Considering the analysis of the statistical errors found in other Korean journals, the proportion of the articles where no statistical error was found was 19.0% for the Journal of the Korean Society for Therapeutic Radiology and Oncology [3], 42.3% for the Journal of Korean Society of Emergency Medicine [5], and 33% for the Journal of Korean Society of Plastic and Reconstructive Surgeons [12]. In the case of the Korean Journal of Anesthesiology, the ratio was 3% in 1981, but it was reported that the proportion was increased to 33% in 1990. For the international journals, analysis of the statistical errors of the submitted manuscripts were performed in 1970-80s [13-17], and it was reported that 52% of the target articles included errors in applying statistics [16]. Even a serious case, where only 15% of the articles had no errors in applying statistics, has been reported [16]. To reduce such errors, some of the international journals provide statistics guidelines [18] or checklists [19] for data analysis.

Differentiating the major fatal errors from the minor statistical errors is important, since the former may raise serious questions regarding the validity and reliability of the study.
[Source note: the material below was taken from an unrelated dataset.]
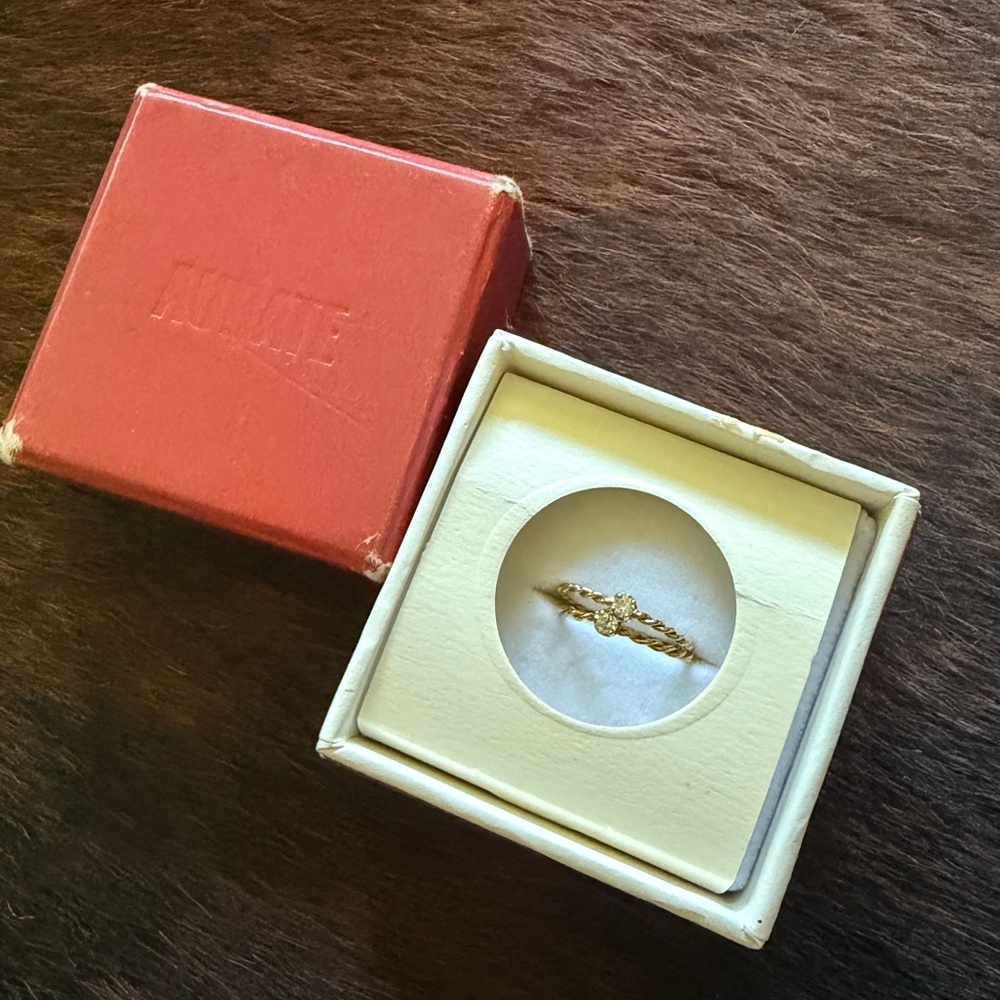 Aurate 2 rings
Caution should be paid to avoid making the mistake of devaluating significant academic achievements by taking all types of statistical errors overly seriously, and thus, exaggerating minor errors to an unnecessary extent. Hence, this should be remembered in the reviewing process.
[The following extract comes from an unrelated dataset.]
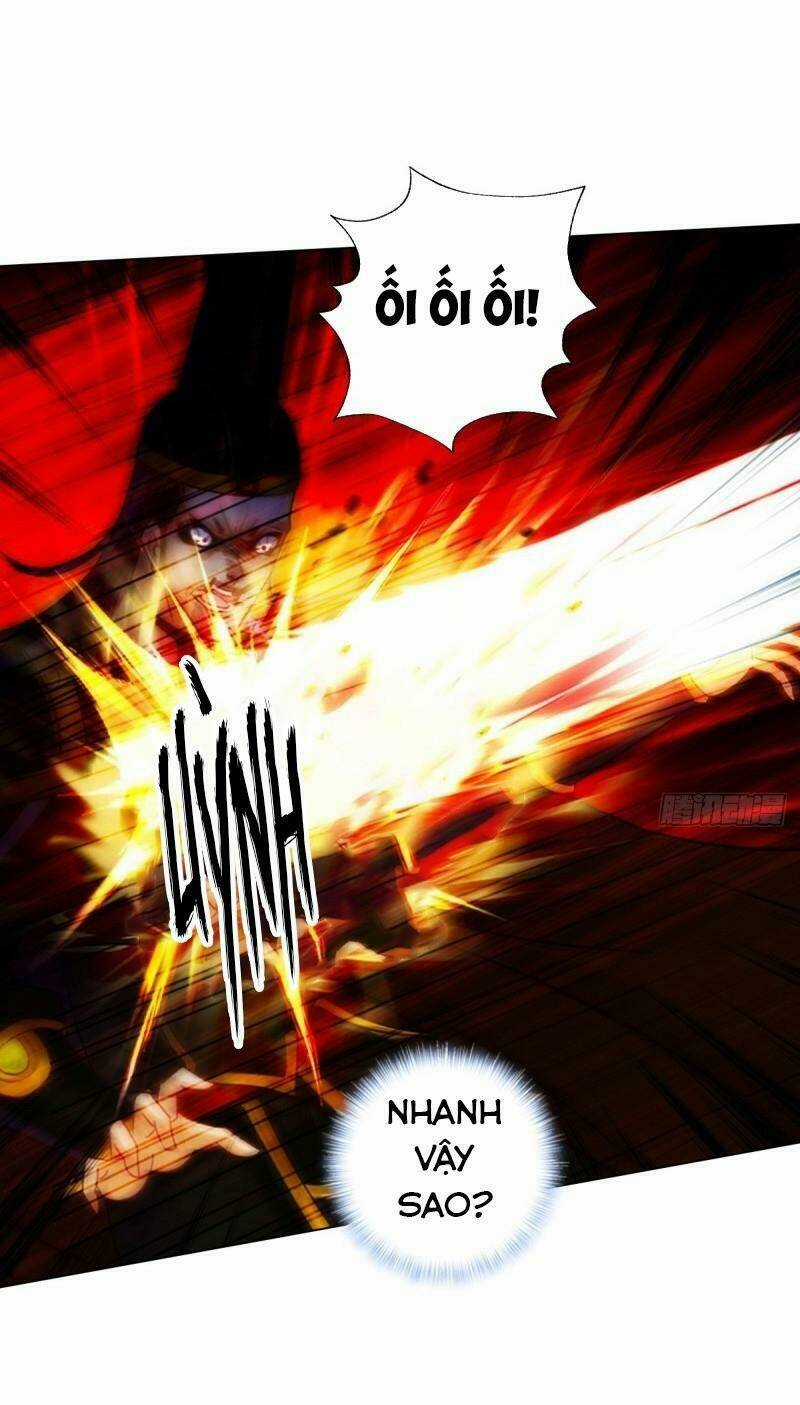 Bất Hủ Phàm Nhân Chapter 45 trang 29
Although statistics has a vast range, only several statistical methods are employed for medical articles. Based on the analysis of 1,828 medical articles, one can understand and interpret 70% of the medical articles if one precisely understands descriptive statistics, the t-test, the chi-square test, and Fisher's exact test [20]. As understood from the results of our study that the most frequently used analytical methods in the KJP were the t-test and the chi-square test, the common statistical errors found in medical articles were not because difficult and complicated analytical methods were mistakenly applied but because simple and easy methods were not correctly applied. Therefore, it is important to have a precise understanding of the statistical methods frequently used in each professional field, when having the full understanding of all the statistical methods is not possible.

In conclusion, we have found many statistical errors in the articles published in the KJP and verified the fact that only 20.9% of the articles were without statistical errors. To elevate the quality of the KJP, as well as that of individual articles, the efforts of the researchers to make appropriate usage of statistical methods and to give appropriate attention during the reviewing process are required.